Kind of a summary; these are points that have been made

At 12:02 PM 6/25/2006, Martin Sherman wrote:

>A continuation of the evacuation question. I went ahead and looked at

>the time for evacuation (started to evacuate to exited onto the

>street). The correlations between floor started and time was .75 for

>one building and .77 for the other building.

It's a good idea to take a naive look. In this case, what the

correlation means is, it takes longer to walk down more stairs. It's

fine to look at the correlation, but in this case, I don't think it can

be regarded as telling you much you didn't know.

>Next I did a regression analysis allowing for linear and quadratic. In

>both instances the linear and quadratic functions were significant.

>Next I allowed for a cubic function and this is what happened. For

>building 1 Linear was significant, quadratic and cubic were not

>significant. For building 2 linear was not significant, but quadratic

>and cubic were significant. My question is how would I lose

>significance for the quadratic when the cubic was allowed to enter for

>building 1. Also why would I lose significance for linear (given the

>very large zero-order correlation-my expectation was that the linear

>would stay in) for building 2 while

>picking up the cubic (besides the quadratic). Befuddled. TIA.

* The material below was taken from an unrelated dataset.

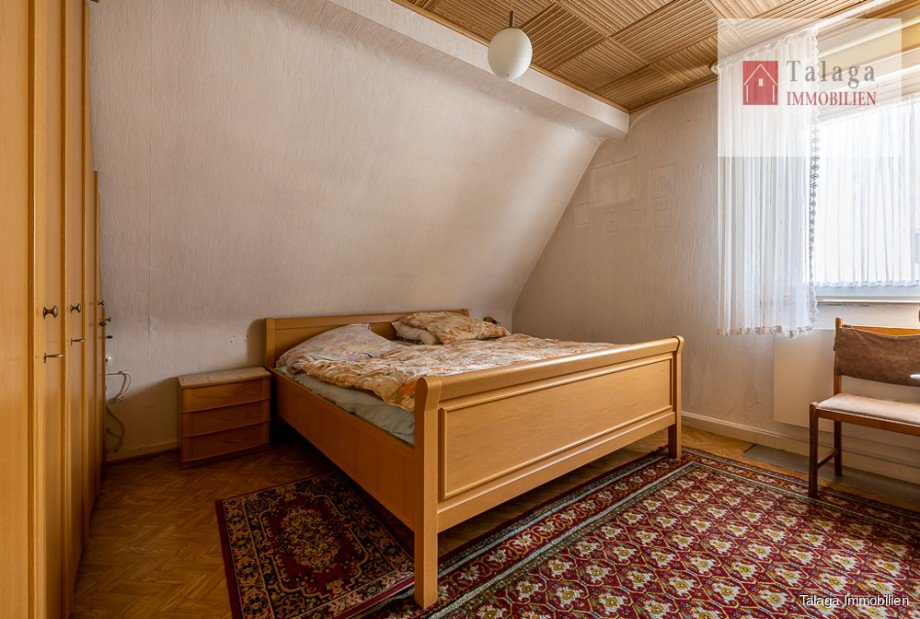 Schlafzimmer OG links Zweifamilienhaus Herne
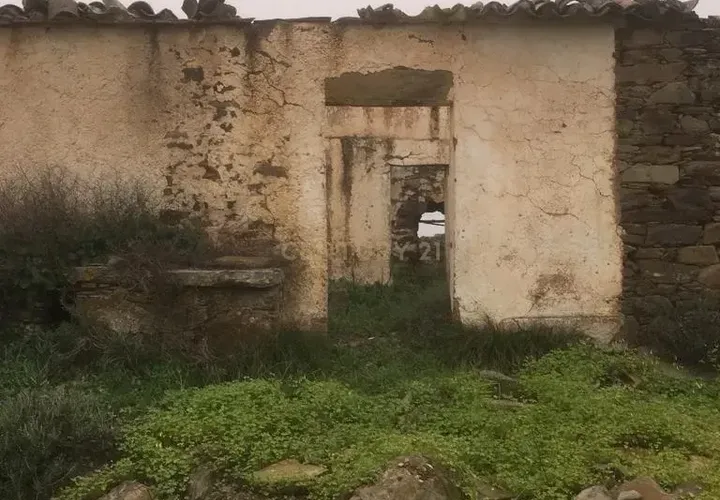 Helårsgrund i Almodovar, Beja, Almodovar - € 27.000 | Ref: C0384-00150 - foto 1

You should probably post the exact model you fit, and means and SDs of

the dependent and independent variables.

To say again what others have said: The linear, quadratic, and cubic

functions of a variable are VERY HIGHLY CORRELATED under very ordinary

conditions. Having all values positive (as yours are) is enough. The

larger the mean is relative to the SD, the worse. Look at the

correlation matrix of the predictors - linear, quadratic, and cubic -

that you used.

As Paul Swank said, you can solve the correlation between linear and

quadratic terms by centering the independent variable. Choosing a

convenient point near the middle will do; it needn't be the exact mean.

In your case, if time to evacuate is the dependent and starting floor

the independent, I'd keep the linear term uncentered, so its

coefficient has the natural meaning, and the constant has a reasonable

interpretation: mean time to start evacuation. But for 75 or so floors

to evacuate, I'd use, say, (Floor-40)**2 as the quadratic term. You can

interpret this as taking time per floor from the 40th floor as the

norm, and the quadratic term as the systematic change in time per floor

above and below the 40th.

Centering won't remove the correlation between linear and cubic terms.

As a cubic term, you might try subtracting the linear component:

(Floor-40)**3 - (Floor-40)

Notice that, here, I'm centering both the linear and the cubic

components of the variable. It make its shape, if plot it, much more

meaningful.

Finally, it's a common rule, in fitting polynomials, that if any term

is included, all lower terms must also be included. Keep the linear

term, whether it loses 'significance' or not. But I think, if you

transform like this, that the linear term will stay dominant.

Has the question of data censoring been settled? One would think this

involved censored data, since there's no observation for people who

failed to make it out of the buildings. However, as I understand it,

the pattern was peculiar: there was enough time to evacuate, and little

or no cutoff for people who were lost because the building collapsed

before they completed evacuation. The losses were people above the

points of impact, who were cut off from evacuation altogether, and need

to be excluded from this model.

A sad business, this. It is worth knowing about, though.